Write the records below out again word for word, with the pictures removed.

Data:
********************
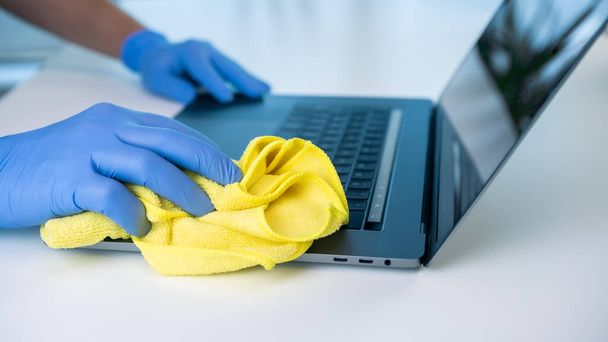 Een persoon met handschoenen reinigt de laptop om het coronavirus te voorkomen. Desinfectie en reiniging van een werkruimte. - Foto, afbeelding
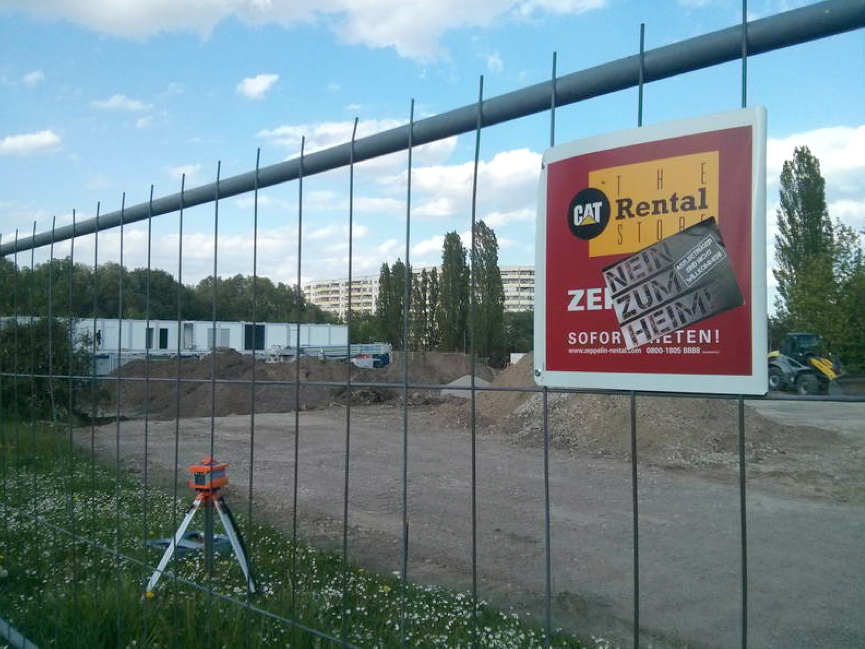 Ein in Hellersdorf aufgenommenes Foto zeigt einen Bauzaun, an welchem Nazis ein Aufkleber angebracht haben mit der Aufschrift: "Nein zum Heim".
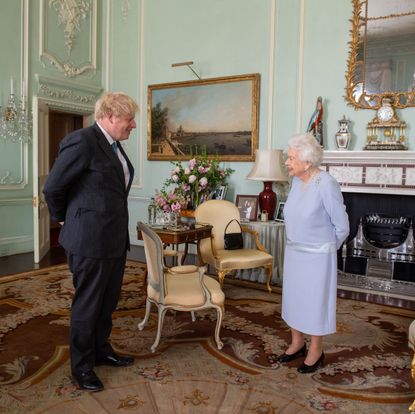 london, england june 23 queen elizabeth ii greets prime minister boris johnson during the first in person weekly audience with the prime minister since the start of the coronavirus pandemic at buckingham palace on june 23, 2021 in london, england photo by dominic lipinski wpa poolgetty images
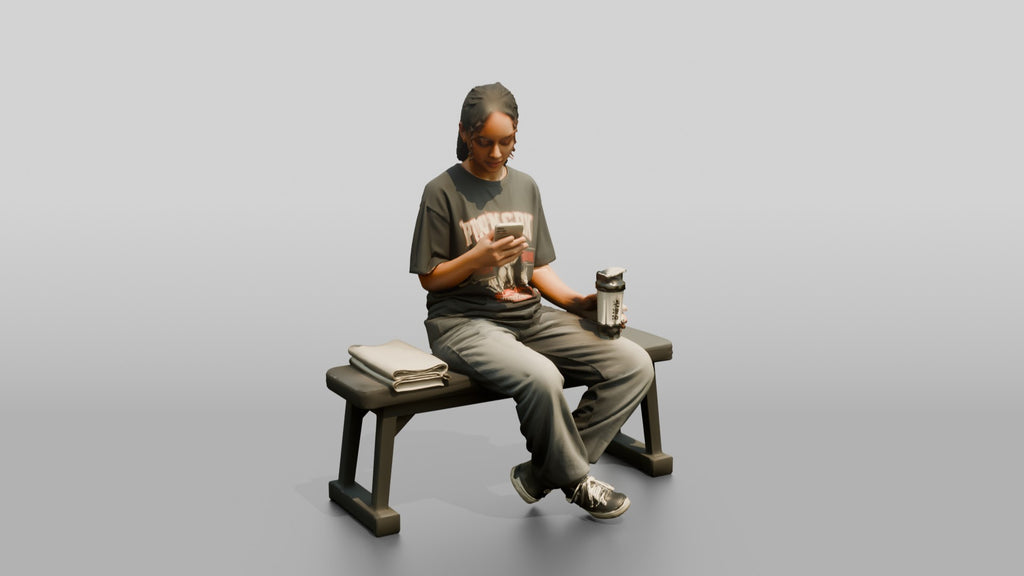 Woman Sitting with Protein Shaker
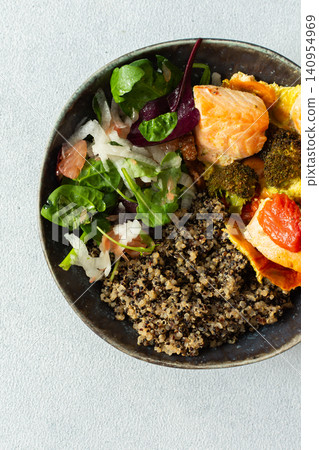 A quinoa bowl is filled with baked salmon, broccoli, tomatoes, and a fresh salad. This dish is good for breakfast or lunch and is rich in protein and nutrients A quinoa bowl is filled with baked salmon, broccoli, tomatoes, and a fresh salad. This dish is good for breakfast or lunch and is rich in protein and nutrients 140954969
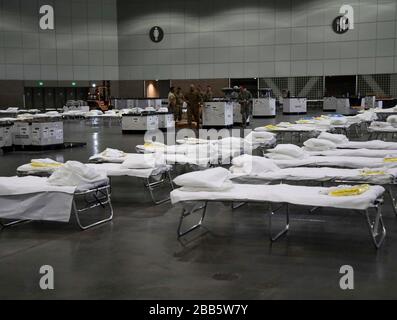 California Air National Guard personnel from the 146th Airlift Wing assist with retrofitting the Los Angeles Convention Center into a federal medical station to treat COVID-19, coronavirus patients March 29, 2020 in Los Angeles, California. Stock Photo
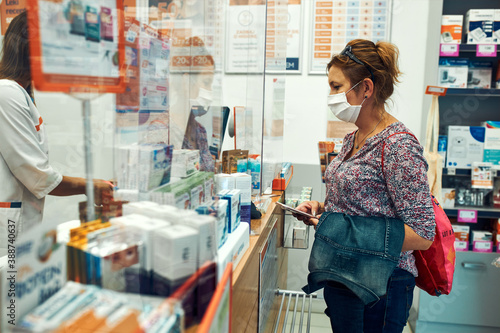 Woman shopping at pharmacy, buying medicines, wearing face mask to cover mouth and nose during pandemic coronavirus outbreak
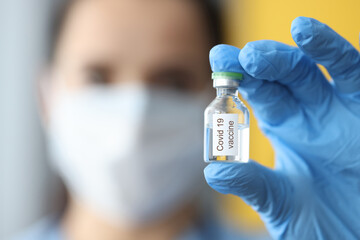 Doctor with protective medical mask holding bottle with covid-19 vaccine close-up. Prevention of disease coronavirus infection vaccination Concept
********************
The completed task:
 Een persoon met handschoenen reinigt de laptop om het coronavirus te voorkomen. Desinfectie en reiniging van een werkruimte. - Foto, afbeelding
 Ein in Hellersdorf aufgenommenes Foto zeigt einen Bauzaun, an welchem Nazis ein Aufkleber angebracht haben mit der Aufschrift: "Nein zum Heim".
 london, england june 23 queen elizabeth ii greets prime minister boris johnson during the first in person weekly audience with the prime minister since the start of the coronavirus pandemic at buckingham palace on june 23, 2021 in london, england photo by dominic lipinski wpa poolgetty images
 Woman Sitting with Protein Shaker
 A quinoa bowl is filled with baked salmon, broccoli, tomatoes, and a fresh salad. This dish is good for breakfast or lunch and is rich in protein and nutrients A quinoa bowl is filled with baked salmon, broccoli, tomatoes, and a fresh salad. This dish is good for breakfast or lunch and is rich in protein and nutrients 140954969
 California Air National Guard personnel from the 146th Airlift Wing assist with retrofitting the Los Angeles Convention Center into a federal medical station to treat COVID-19, coronavirus patients March 29, 2020 in Los Angeles, California. Stock Photo
 Woman shopping at pharmacy, buying medicines, wearing face mask to cover mouth and nose during pandemic coronavirus outbreak
 Doctor with protective medical mask holding bottle with covid-19 vaccine close-up. Prevention of disease coronavirus infection vaccination Concept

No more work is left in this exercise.